Arnold’s wife Maria Schriver was Democrat royalty, the daughter of George McGovern’s 1972 running mate Sergeant Shriver. According to a friend who goes back to Arnold’s bodybuilding days, Maria Shriver was the force behind the Governator’s picks for offices such as director of finance. With California in fathomless debt, Californians expected a proven economist with a record of budgetary reform.
Arnold’s pick was Ana Matosantos, a Puerto Rico native with an undergraduate degree in political science and feminist studies. Matosantos easily transitioned to chief budget advisor for recurring Gov. Jerry Brown, and her tenure was marked by “multibillion-dollar shortfalls.” True to form, Gov. Gavin Newsom made Matosantos his cabinet secretary before proclaiming her state “energy czar.”
In 2010, after the retirement of state Chief Justice Ronald George, the Governator selected appeal court judge Tani Cantil-Sakauye, billed as a moderate Republican. In 2015, a criminal illegal calling himself Jose Ines Garcia Zarate gunned down Kate Steinle on a San Francisco pier, but Chief Justice Cantil-Sakauye was untroubled by Democrat sanctuary policies that protected the shooter.
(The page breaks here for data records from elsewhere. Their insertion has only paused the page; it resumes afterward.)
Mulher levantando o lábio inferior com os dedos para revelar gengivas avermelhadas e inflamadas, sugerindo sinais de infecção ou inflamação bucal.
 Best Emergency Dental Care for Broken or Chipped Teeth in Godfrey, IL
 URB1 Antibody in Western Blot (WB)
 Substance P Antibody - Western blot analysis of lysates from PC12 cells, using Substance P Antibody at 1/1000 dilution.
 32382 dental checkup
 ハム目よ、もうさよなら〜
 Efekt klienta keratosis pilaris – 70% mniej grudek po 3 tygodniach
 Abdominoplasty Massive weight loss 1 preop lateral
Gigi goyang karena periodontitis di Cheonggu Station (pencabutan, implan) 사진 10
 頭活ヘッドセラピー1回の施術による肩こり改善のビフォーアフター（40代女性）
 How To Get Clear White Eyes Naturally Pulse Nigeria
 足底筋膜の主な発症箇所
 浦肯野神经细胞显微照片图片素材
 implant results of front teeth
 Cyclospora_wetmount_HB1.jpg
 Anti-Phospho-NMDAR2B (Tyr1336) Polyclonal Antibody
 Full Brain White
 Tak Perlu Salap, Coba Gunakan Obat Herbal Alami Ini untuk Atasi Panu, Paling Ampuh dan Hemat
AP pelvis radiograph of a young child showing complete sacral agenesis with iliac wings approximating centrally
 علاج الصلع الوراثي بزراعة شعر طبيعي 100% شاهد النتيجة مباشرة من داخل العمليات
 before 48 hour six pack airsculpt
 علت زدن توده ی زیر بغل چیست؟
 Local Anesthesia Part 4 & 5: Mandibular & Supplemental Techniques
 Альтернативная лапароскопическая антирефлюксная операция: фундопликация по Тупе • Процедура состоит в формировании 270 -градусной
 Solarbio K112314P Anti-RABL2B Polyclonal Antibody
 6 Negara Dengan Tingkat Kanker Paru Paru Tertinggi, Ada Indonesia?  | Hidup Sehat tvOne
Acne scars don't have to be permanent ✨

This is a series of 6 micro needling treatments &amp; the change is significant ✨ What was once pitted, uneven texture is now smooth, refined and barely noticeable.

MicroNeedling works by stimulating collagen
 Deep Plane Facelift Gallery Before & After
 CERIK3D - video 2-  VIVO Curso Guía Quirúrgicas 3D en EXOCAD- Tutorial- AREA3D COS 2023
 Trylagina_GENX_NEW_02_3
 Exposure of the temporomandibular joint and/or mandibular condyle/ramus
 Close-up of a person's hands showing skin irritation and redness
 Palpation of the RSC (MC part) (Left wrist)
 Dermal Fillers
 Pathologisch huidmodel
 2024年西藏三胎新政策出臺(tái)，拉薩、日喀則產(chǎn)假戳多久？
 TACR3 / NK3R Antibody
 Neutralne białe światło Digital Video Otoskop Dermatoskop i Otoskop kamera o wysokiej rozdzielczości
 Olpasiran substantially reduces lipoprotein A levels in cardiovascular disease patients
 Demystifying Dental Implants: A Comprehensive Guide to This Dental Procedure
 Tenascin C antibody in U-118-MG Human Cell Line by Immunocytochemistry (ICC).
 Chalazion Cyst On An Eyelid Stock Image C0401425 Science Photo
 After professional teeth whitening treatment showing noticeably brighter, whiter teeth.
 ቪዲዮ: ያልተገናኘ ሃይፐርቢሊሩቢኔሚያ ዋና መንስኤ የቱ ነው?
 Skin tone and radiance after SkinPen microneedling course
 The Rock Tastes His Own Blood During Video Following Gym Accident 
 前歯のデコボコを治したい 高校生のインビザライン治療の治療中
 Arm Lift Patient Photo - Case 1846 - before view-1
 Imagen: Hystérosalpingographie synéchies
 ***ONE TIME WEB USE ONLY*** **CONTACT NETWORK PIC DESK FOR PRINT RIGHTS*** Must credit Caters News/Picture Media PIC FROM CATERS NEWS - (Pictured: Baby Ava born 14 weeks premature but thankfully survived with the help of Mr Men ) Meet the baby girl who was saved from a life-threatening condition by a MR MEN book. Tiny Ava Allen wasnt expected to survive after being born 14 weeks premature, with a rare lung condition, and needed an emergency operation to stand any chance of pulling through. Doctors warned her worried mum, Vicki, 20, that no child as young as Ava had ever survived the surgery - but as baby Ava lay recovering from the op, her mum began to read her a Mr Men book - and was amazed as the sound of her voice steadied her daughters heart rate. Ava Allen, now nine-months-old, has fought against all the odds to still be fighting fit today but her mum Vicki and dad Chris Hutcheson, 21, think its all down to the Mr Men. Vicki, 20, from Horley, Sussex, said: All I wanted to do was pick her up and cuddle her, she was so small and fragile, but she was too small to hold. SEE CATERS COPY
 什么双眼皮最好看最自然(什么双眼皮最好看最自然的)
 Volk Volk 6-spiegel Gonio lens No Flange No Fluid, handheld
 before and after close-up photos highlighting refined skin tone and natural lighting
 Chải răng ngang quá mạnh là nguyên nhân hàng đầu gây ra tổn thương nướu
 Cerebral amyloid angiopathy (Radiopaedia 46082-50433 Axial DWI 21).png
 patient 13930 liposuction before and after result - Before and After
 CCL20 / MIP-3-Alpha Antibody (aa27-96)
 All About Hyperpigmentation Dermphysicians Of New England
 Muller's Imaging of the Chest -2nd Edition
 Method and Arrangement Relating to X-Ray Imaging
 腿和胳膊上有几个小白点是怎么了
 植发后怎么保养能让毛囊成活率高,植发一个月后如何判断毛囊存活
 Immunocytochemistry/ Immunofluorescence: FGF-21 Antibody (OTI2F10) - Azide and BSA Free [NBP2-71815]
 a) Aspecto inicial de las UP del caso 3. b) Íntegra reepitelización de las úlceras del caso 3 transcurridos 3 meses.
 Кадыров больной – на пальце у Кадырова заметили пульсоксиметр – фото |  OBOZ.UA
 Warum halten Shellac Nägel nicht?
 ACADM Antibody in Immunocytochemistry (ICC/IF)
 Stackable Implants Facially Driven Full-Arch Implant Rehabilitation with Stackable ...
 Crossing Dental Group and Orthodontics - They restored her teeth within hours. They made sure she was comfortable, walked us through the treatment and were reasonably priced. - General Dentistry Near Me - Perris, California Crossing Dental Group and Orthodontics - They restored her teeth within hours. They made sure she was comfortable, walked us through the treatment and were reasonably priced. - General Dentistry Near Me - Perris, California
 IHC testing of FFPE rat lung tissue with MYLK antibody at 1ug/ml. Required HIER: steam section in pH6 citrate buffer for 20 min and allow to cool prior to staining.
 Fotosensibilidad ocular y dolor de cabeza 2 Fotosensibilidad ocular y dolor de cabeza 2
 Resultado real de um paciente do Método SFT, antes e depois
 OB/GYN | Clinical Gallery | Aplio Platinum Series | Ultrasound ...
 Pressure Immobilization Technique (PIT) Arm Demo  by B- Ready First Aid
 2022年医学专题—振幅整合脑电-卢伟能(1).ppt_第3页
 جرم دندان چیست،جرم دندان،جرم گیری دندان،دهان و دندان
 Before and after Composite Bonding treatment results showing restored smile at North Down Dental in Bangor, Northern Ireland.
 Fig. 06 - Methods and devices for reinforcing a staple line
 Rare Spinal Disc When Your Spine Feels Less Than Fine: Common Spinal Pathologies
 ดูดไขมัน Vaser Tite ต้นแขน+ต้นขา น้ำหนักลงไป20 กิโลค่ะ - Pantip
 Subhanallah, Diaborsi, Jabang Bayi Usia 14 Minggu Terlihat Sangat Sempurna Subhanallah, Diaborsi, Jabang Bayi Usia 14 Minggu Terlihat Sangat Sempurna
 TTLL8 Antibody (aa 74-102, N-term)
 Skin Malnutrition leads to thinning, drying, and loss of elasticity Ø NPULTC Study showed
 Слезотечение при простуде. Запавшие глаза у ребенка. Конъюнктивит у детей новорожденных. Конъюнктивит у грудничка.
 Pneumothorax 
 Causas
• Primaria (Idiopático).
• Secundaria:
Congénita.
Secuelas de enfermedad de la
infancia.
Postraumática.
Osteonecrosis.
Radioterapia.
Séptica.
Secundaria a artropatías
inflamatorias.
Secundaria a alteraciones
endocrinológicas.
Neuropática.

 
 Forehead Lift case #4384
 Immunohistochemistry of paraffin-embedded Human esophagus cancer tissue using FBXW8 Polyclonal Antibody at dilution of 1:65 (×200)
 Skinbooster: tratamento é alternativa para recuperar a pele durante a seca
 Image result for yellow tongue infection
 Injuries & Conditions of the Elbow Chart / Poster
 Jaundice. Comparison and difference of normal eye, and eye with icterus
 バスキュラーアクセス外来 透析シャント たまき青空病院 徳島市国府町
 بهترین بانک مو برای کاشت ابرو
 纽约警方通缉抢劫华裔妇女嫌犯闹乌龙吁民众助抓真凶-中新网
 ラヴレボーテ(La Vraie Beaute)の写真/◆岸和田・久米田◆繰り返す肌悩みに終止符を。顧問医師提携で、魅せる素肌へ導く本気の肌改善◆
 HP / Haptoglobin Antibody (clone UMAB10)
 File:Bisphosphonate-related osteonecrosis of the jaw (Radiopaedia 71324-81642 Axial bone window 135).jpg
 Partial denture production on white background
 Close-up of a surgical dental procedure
In 2017, Cantil-Sakauye charged that ICE agents were “stalking” criminal illegals in courthouses.
In effect, Cantil-Sakauye was Schwarzenegger’s Rose Bird, Jerry Brown’s pro-criminal pick for Chief Justice, soundly rejected by the voters in 1986. If Californians thought that Cantil-Sakauye and Ana Matosantos were selections of Maria Shriver, based solely on identity politics, it would be hard to blame them.
After Gray Davis, California voters expected a conservative reformer. They got a climate change dogmatist, a rewarder of corrupt politicians, and a coddler of violent criminals. In short, Arnold Schwarzenegger governed as a leftist Democrat, and current voters might find a few lessons going forward.
The 2022 midterms constitute a recall of sorts for Joe Biden and his Junta of big spenders, cracked generals, and white coat supremacists. Like Arnold Schwarzenegger in 2003, many candidates will be talking a good game but Americans have cause for caution. A man’s enemies will be those of his own household, warns Matthew 10:36. In similar style, the enemies of the people can sometimes be those of their own party.